- [Task] Restate word for word the section of the entries that opens at the line containing "Gymschoenen maat 33" and closes at the line containing "Villa in Vendita a Avola, 1'200'000€, 163 m²", both lines kept, pictures dropped.

- [Study material]
════

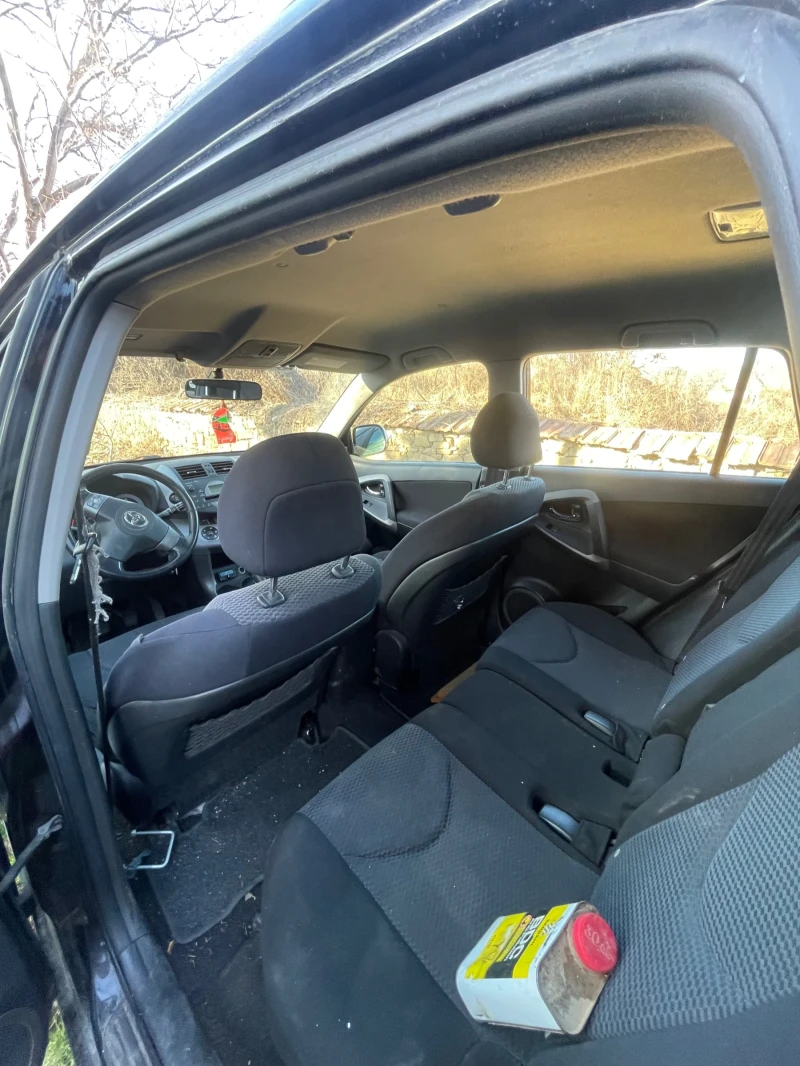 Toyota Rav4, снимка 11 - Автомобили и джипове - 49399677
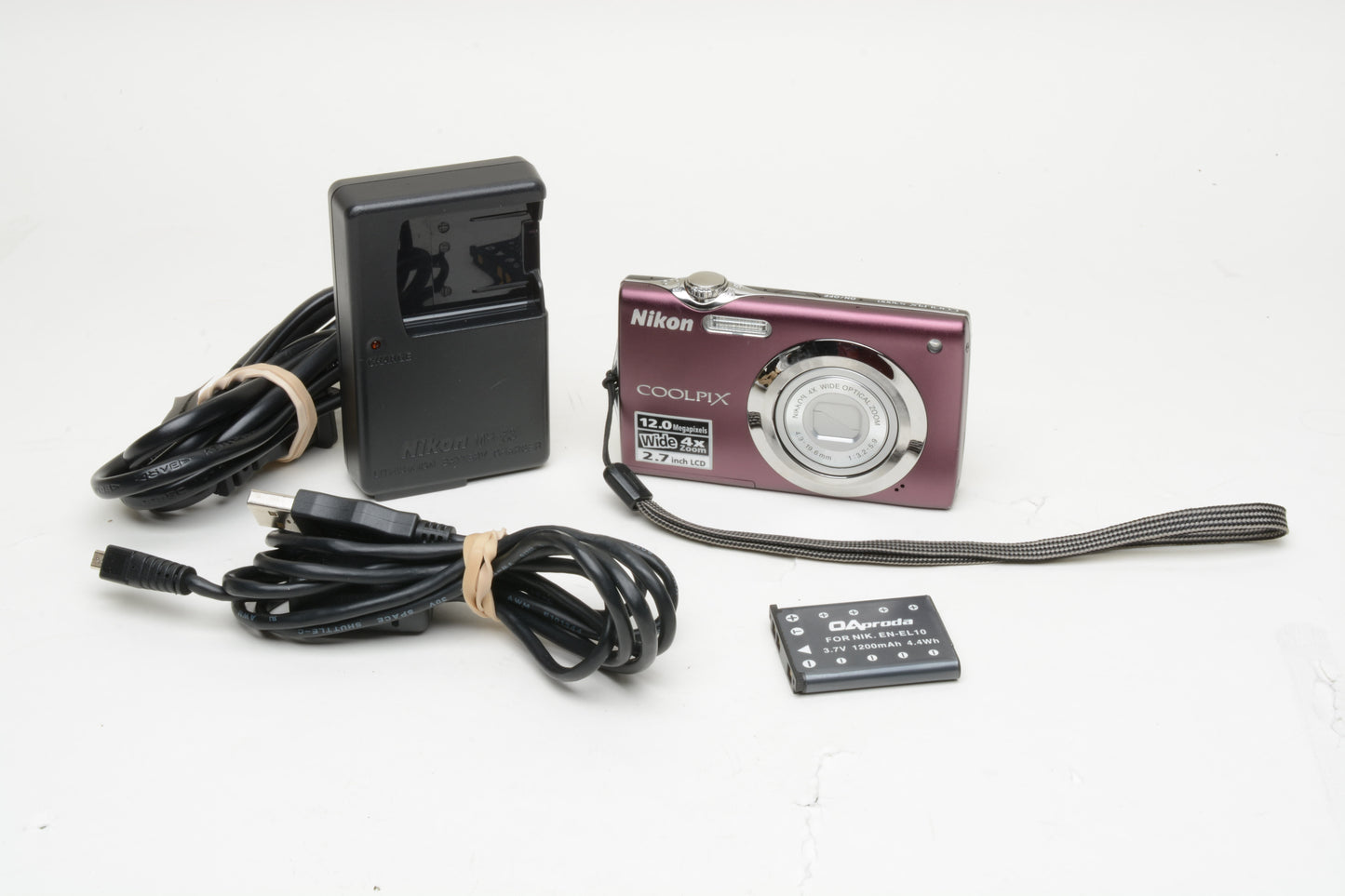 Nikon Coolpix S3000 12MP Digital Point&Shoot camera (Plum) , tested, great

════

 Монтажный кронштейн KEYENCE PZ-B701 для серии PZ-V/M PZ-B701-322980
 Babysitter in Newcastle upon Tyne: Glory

════

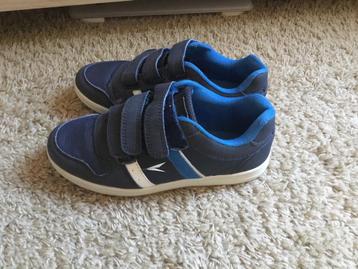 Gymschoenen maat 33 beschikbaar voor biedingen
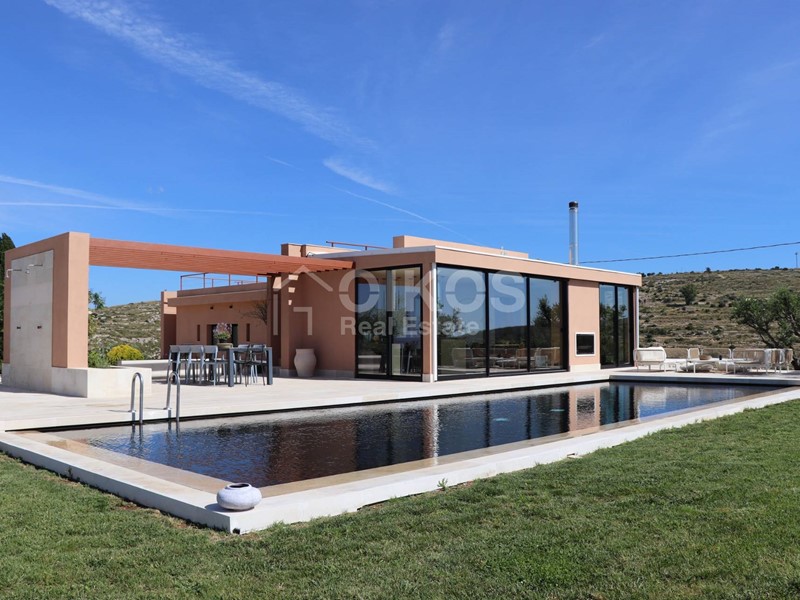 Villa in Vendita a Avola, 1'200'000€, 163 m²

════

- [Solution to the problem]
 Gymschoenen maat 33 beschikbaar voor biedingen
 Villa in Vendita a Avola, 1'200'000€, 163 m²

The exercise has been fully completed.